**Problem requirements**
Write out again, word for word, the lines below from the line that holds "Woodland Cemetery (Extended" through the line that holds "Espressomok, organisch, porselein, wit, Ø", omitting pictures.

**Crawled caption data**
======
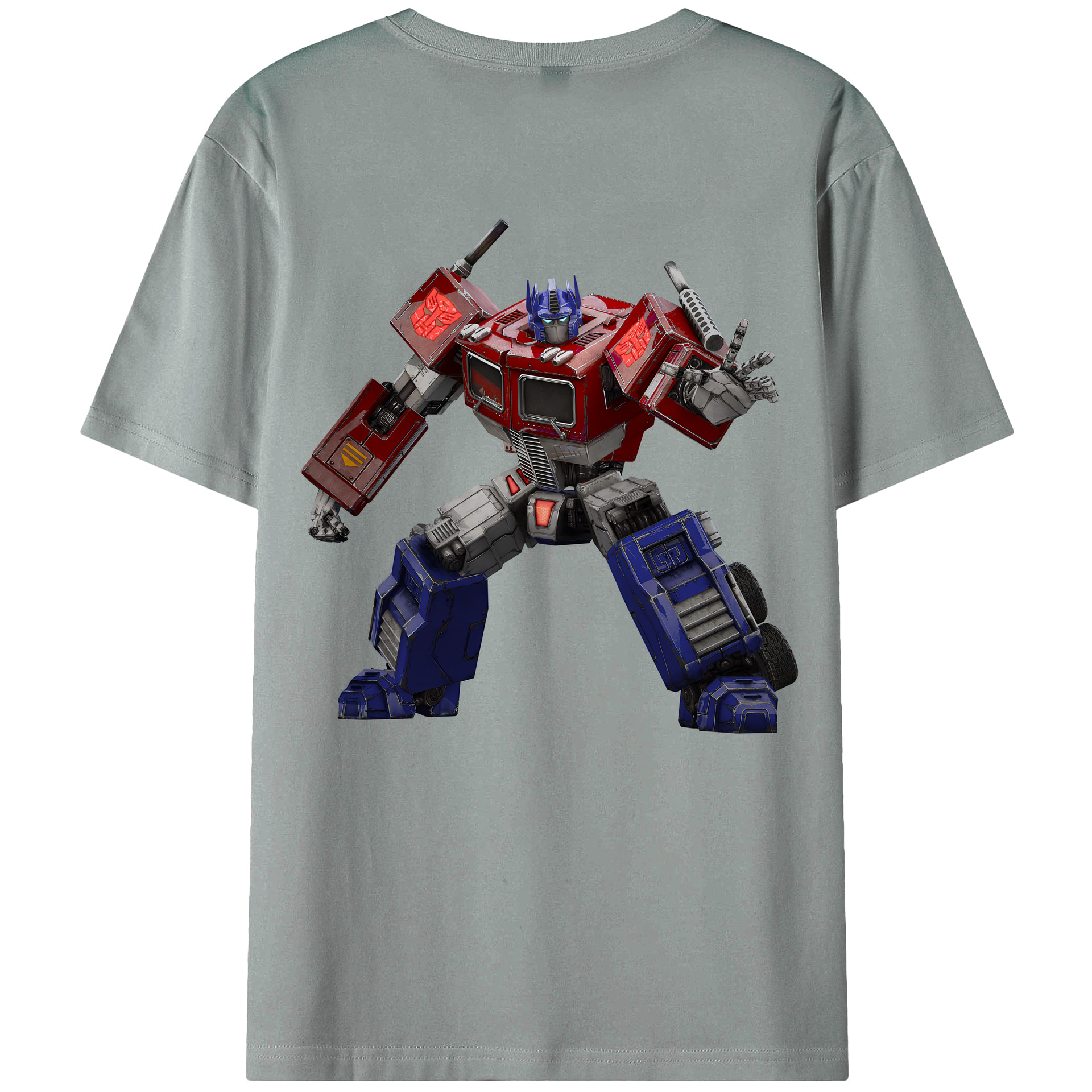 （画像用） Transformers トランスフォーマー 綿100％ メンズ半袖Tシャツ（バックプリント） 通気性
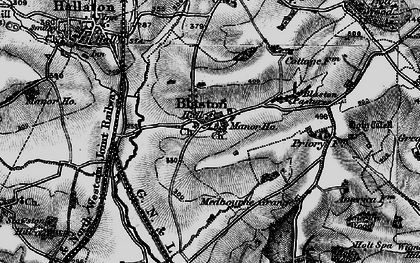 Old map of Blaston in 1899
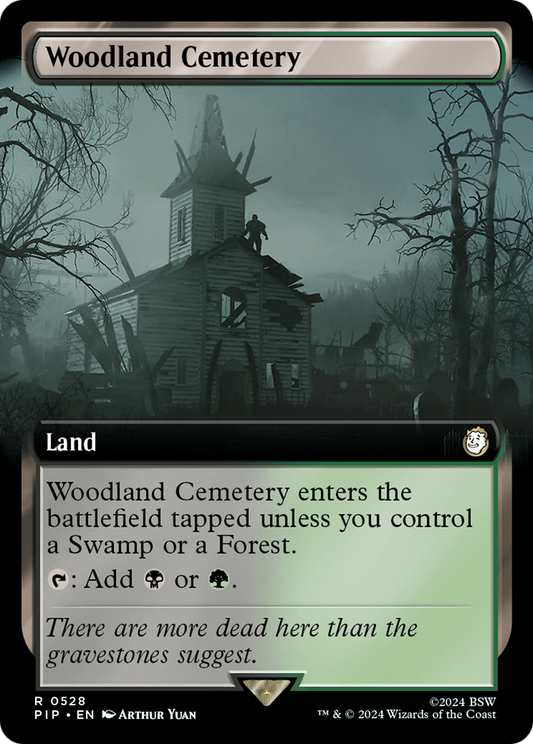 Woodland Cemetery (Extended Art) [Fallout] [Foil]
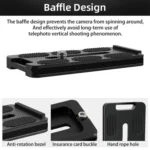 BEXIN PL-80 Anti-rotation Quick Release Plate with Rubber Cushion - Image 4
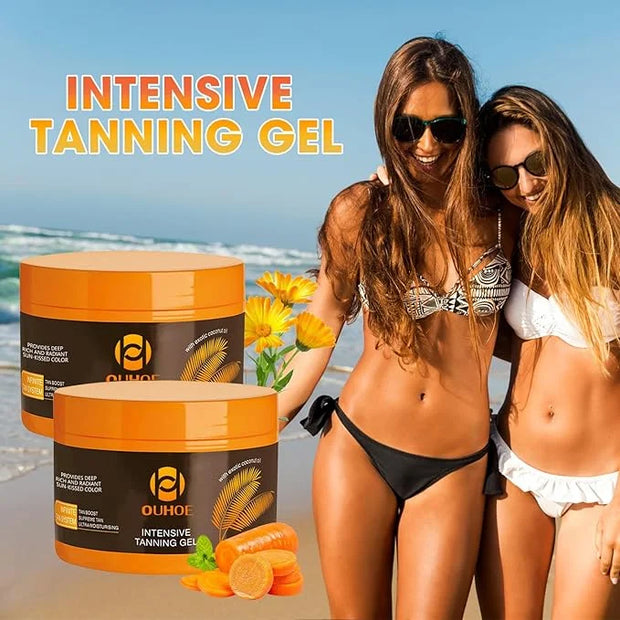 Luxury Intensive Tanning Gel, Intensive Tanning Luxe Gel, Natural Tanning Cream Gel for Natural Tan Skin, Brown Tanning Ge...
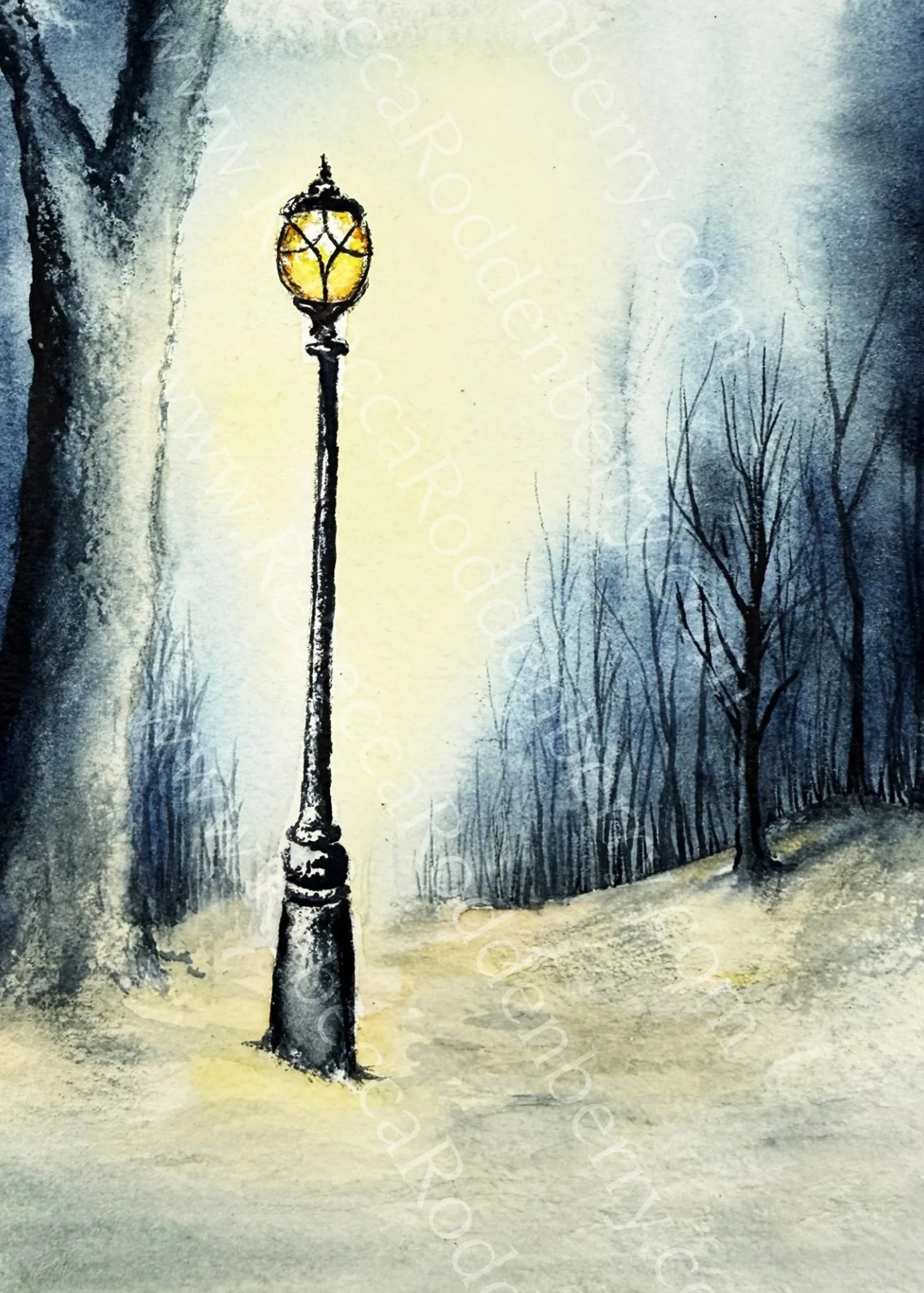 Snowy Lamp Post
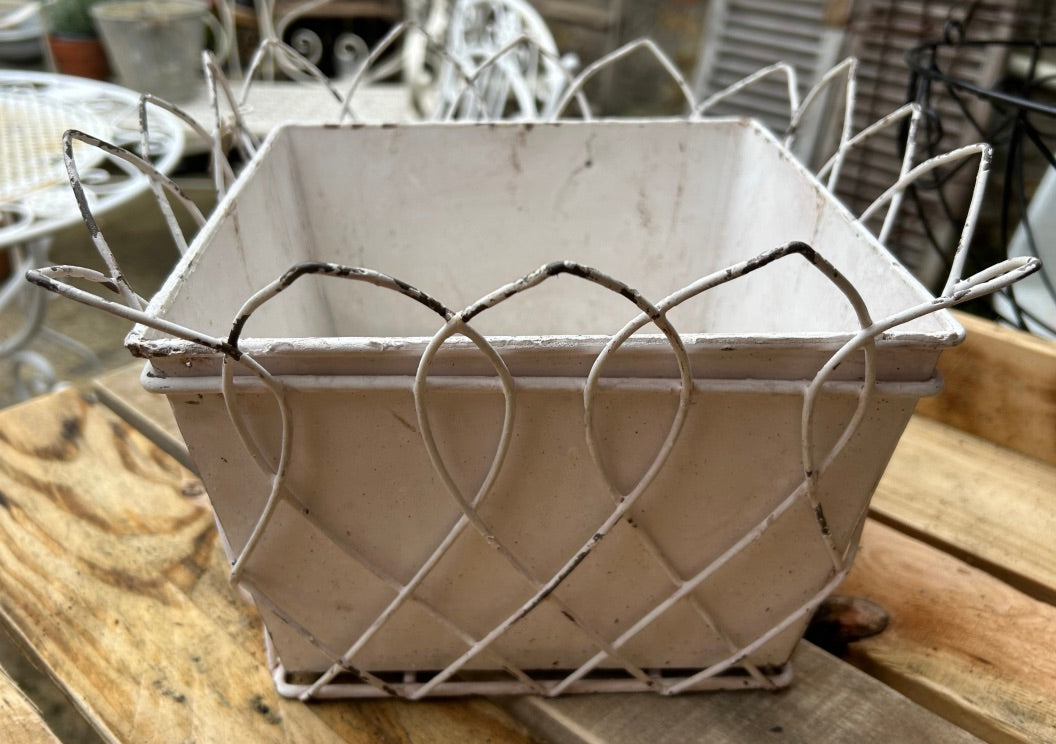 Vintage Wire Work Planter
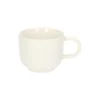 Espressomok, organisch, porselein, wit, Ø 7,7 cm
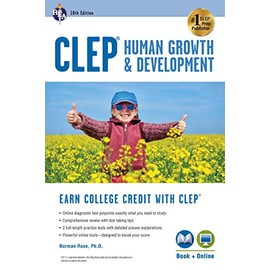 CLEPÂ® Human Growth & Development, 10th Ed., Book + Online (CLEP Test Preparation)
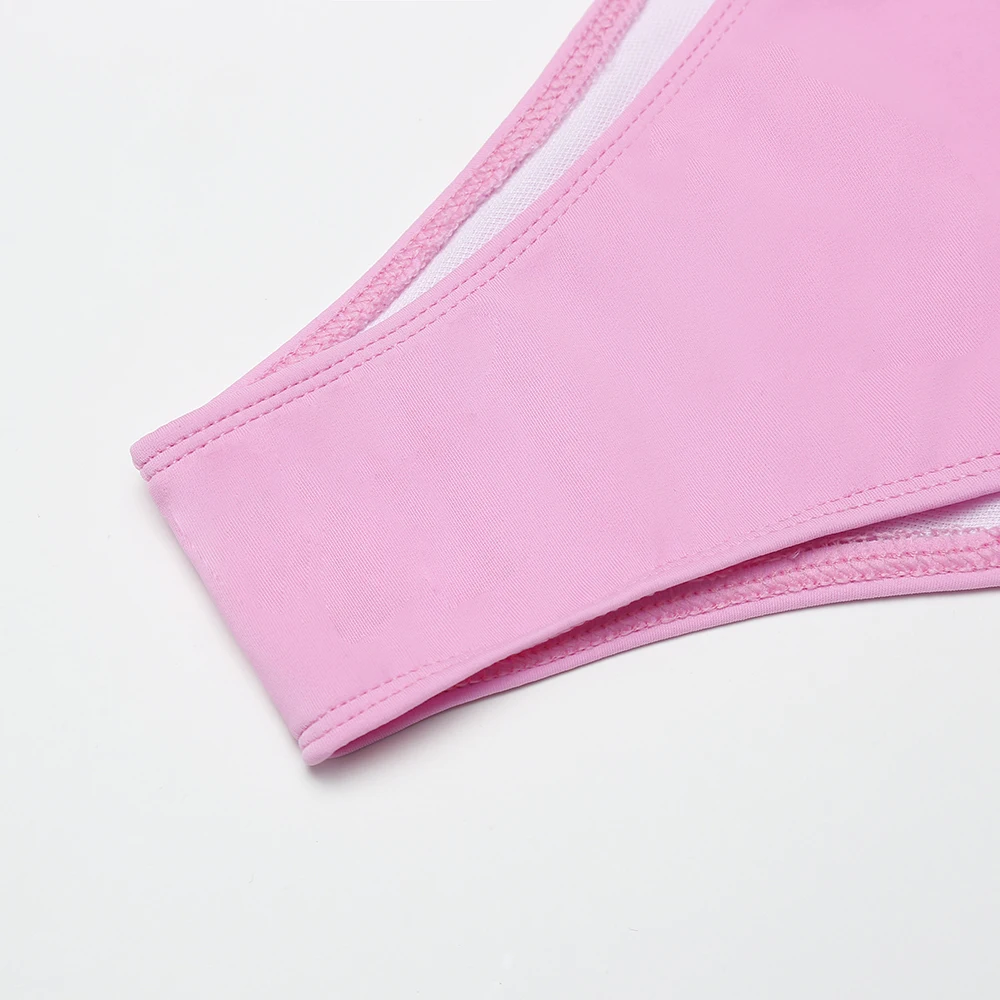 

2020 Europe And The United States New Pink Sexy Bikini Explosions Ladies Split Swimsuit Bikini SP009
======
**Task output**
 Woodland Cemetery (Extended Art) [Fallout] [Foil]
 BEXIN PL-80 Anti-rotation Quick Release Plate with Rubber Cushion - Image 4
 Luxury Intensive Tanning Gel, Intensive Tanning Luxe Gel, Natural Tanning Cream Gel for Natural Tan Skin, Brown Tanning Ge...
 Snowy Lamp Post
 Vintage Wire Work Planter
 Espressomok, organisch, porselein, wit, Ø 7,7 cm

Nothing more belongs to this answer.